Folha de S. Paulo


CRÍTICA

Pequeno restaurante Caxiri realça sabor da Amazônia com delicadeza

Uma bebida indígena derivada da mandioca, esta musa que Câmara Cascudo batizou de "rainha do Brasil", nomeia um minúsculo restaurante aberto em Pinheiros há três meses, o Caxiri.

A mandioca surge celebrada ali também em frações do cardápio –enxutíssimo, com três opções de prato no jantar (mais porções para compartilhar) e um no almoço, rotativo, feito com o que se pinça de mais fresco no mercado.

Um exemplo dessa homenagem é o intenso ceviche no tucupi (R$ 32), caprichado no coentro –ame ou odeie. Aqui, o caldo da mandioca-brava, com leve dulçor e acidez reforçada pelo limão, é servido frio –em contraste com as receitas populares, como pato no tucupi, em que é quente.
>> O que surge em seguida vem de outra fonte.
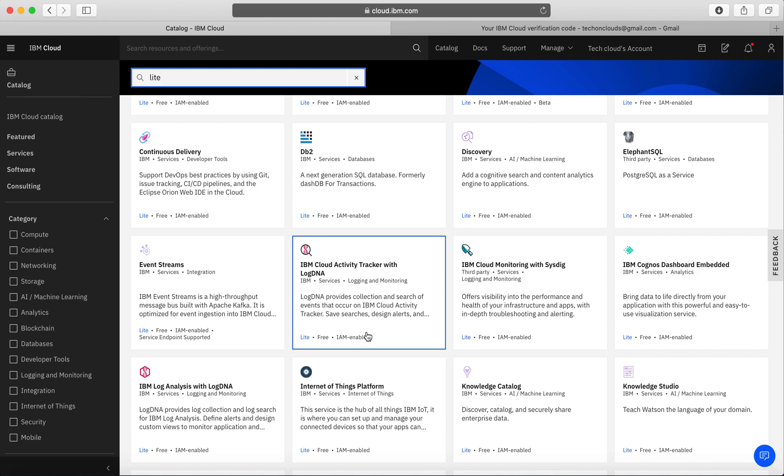You can start building on IBM Cloud. In the next video, we're going to see more details about how you can leverage lite accounts, what are the limitations on the lite accounts, and obviously we can start building our first application with respect to IBM Cloud.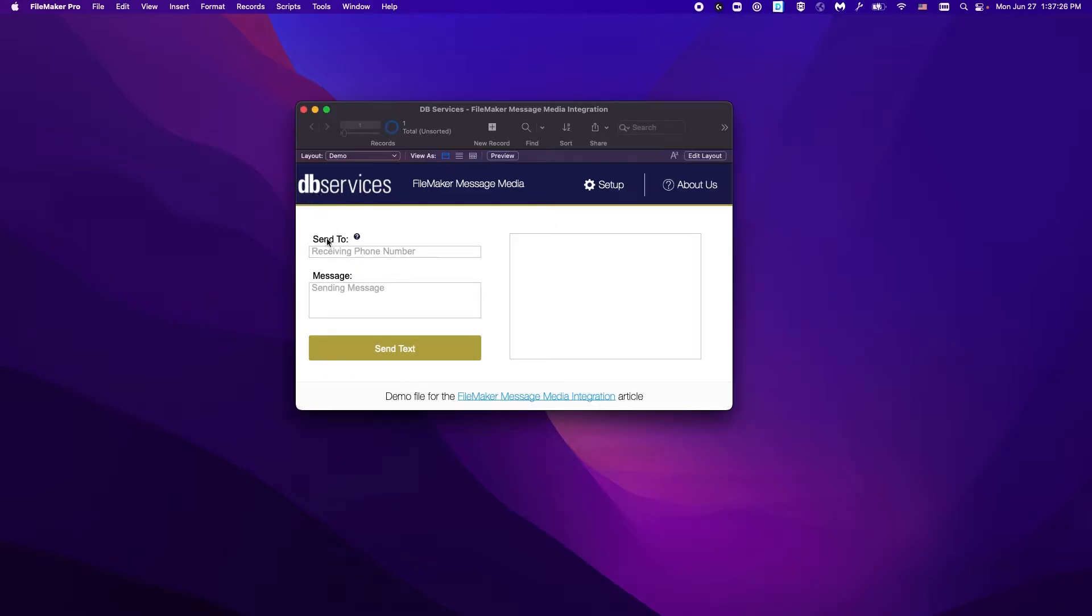Once you've got that, all we need to do is specify the phone number that we want to send the text message to, which we want to include the area code, as well as the message that we want to send.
No escondidinho (R$ 34), a carne de sol, macia, combinada com cebola caramelizada, chega à mesa encoberta por uma camada generosa de mandioca –até desproporcional, eu diria. Amassada grosseiramente, tem textura preservada (e dá para morder).

Em sua cozinha autoral, Debora Shornik deixa transparecer ensinamentos de Paola Carosella, com quem trabalhou ao longo de anos.
Brilha o respeito pelo ingrediente no estado bruto, com seus sabores conservados. E há ali uma delicadeza recorrente, em harmonia com o atendimento da sócia Daniela Maia –e por que não com o salão, de tijolo aparente, embalado até por Luiz Tatit?

Ambas moraram na Amazônia e, no Caxiri, proporcionam certo contato com um Brasil profundo, embora por vias contemporâneas, mas não só. O pudim de leite (R$ 12) podia chamar a atenção só pela cremosidade (sem furinho). Mas a calda densa que o envolve ganha toques de cravo e canela com puxuri –semelhante à noz-moscada.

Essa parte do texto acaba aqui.